(Beginning of LISTED RECORDS)
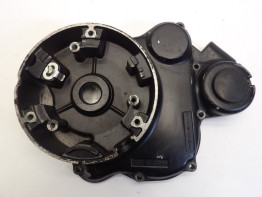 Motorblokdeksel Yamaha XS 750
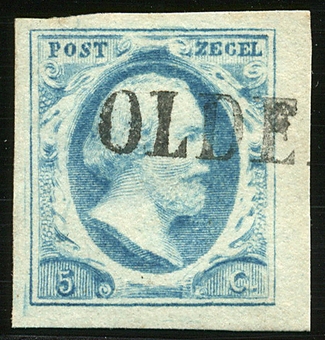 Lot 1063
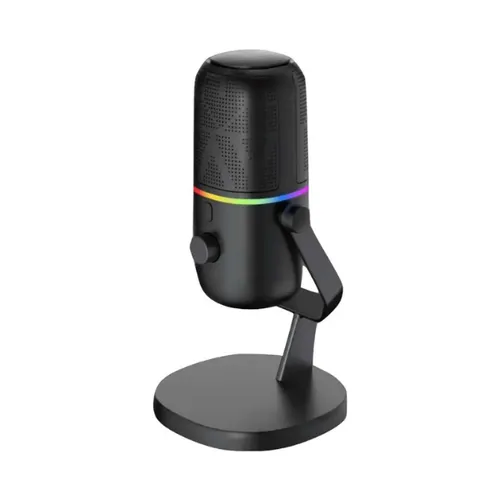 Haylou GX1 RGB Microphone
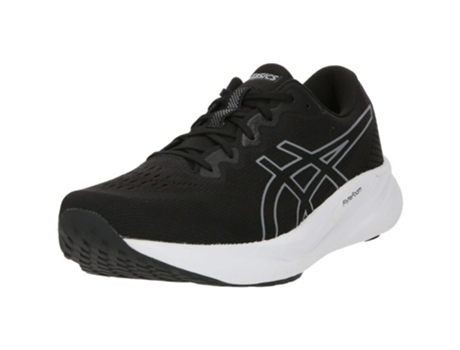 Zapatillas de Hombre ASICS Negro (47)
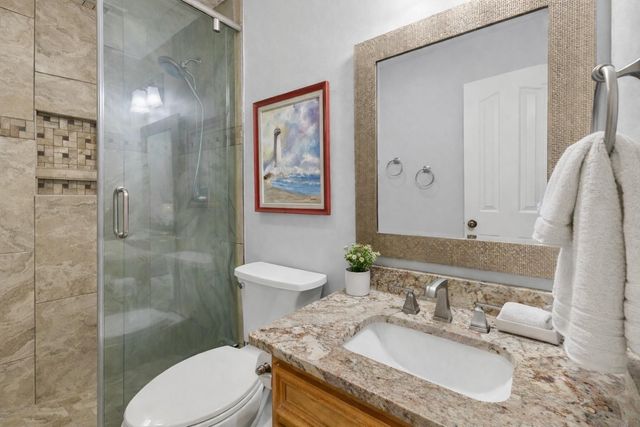 1001 Hemingway Drive, College Station, TX 77845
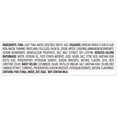 thumbnail image 8 of Starkist Chunk Light Tuna In Water Lunch To-Go, 4.1 oz., 5 ct., 8 of 8
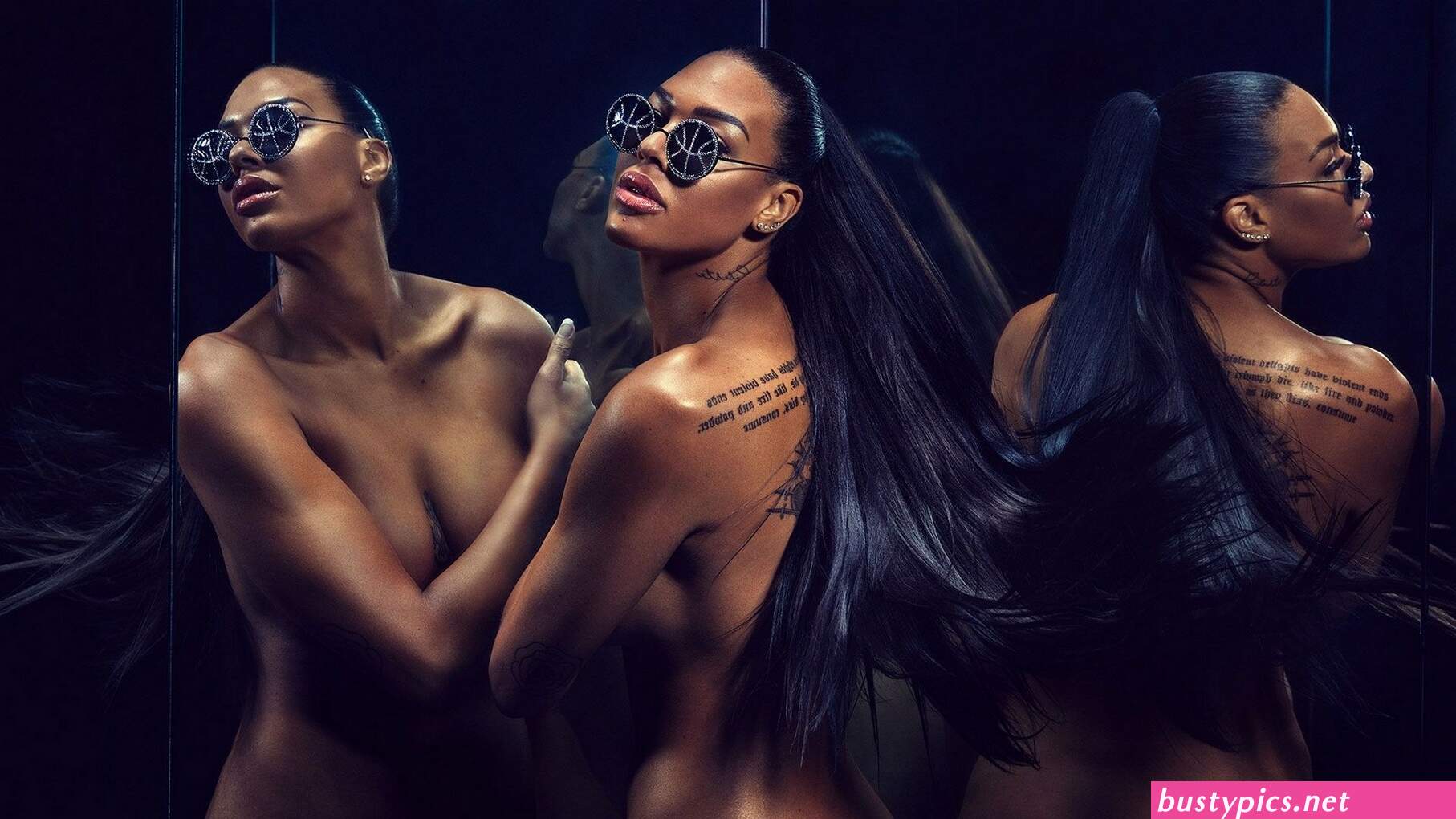 liz cambage fuck
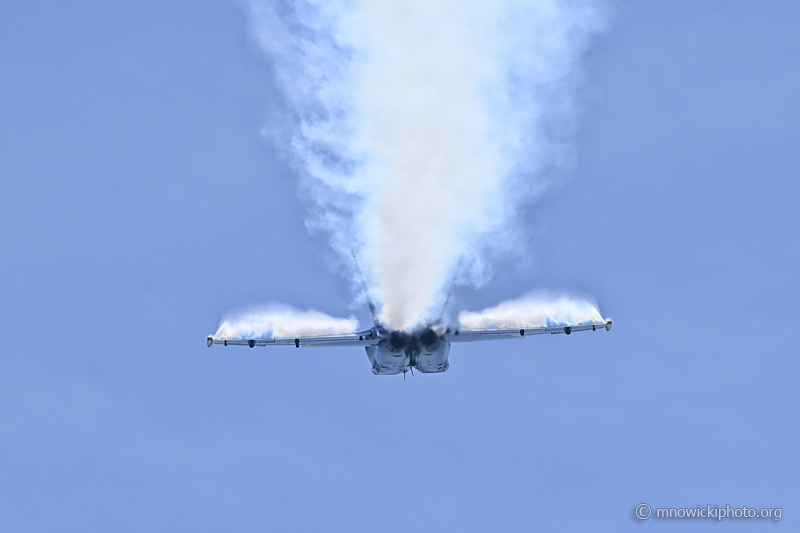 _Z623062 copy.jpg - US Navy Flight Demonstration Squadron "Blue Angels"   (19)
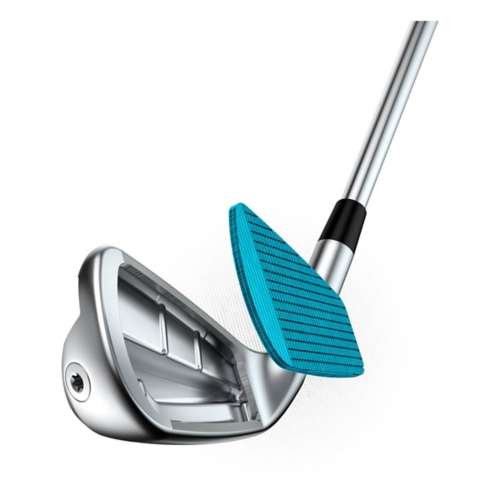 PING i530 Irons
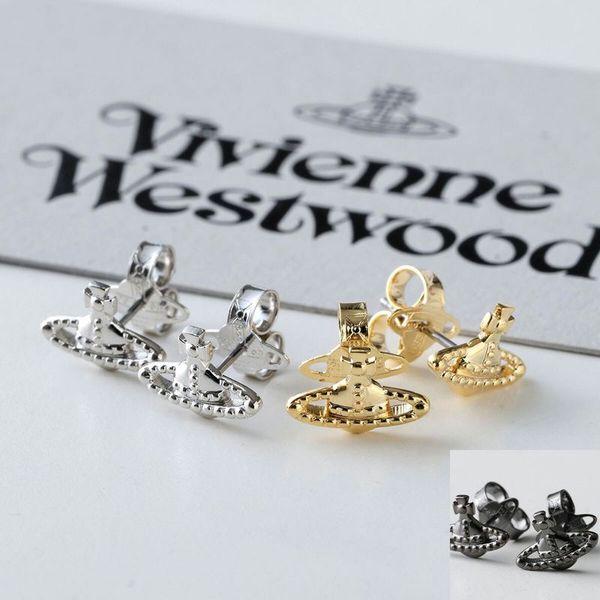 Vivienne Westwood（ヴィヴィアンウエストウッド） ピアス FARAH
(End of LISTED RECORDS)
* WHAT YOU NEED TO DO: Only the lines from the top of the data through the line with "liz cambage fuck" should be quoted, exactly and with both ends kept; skip the pictures.

* EXERCISE OUTPUT:
 Motorblokdeksel Yamaha XS 750
 Lot 1063
 Haylou GX1 RGB Microphone
 Zapatillas de Hombre ASICS Negro (47)
 1001 Hemingway Drive, College Station, TX 77845
 thumbnail image 8 of Starkist Chunk Light Tuna In Water Lunch To-Go, 4.1 oz., 5 ct., 8 of 8
 liz cambage fuck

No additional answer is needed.